Problem to work on |
Could you restate exactly the lines that begin at the line with "Eula F2P Basic Build/Guide! [Genshin Impact]" and end at the final line of the data?

━━━ Supplied records

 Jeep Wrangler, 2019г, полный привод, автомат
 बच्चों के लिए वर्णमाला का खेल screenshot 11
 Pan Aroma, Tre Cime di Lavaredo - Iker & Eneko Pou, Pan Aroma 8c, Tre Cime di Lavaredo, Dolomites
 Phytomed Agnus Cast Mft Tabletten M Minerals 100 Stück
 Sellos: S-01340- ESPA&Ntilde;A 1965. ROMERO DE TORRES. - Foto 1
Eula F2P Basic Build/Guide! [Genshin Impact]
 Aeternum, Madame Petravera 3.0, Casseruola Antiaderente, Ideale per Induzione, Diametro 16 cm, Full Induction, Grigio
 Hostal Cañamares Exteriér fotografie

━━━━━━

Solved problem |
Eula F2P Basic Build/Guide! [Genshin Impact]
 Aeternum, Madame Petravera 3.0, Casseruola Antiaderente, Ideale per Induzione, Diametro 16 cm, Full Induction, Grigio
 Hostal Cañamares Exteriér fotografie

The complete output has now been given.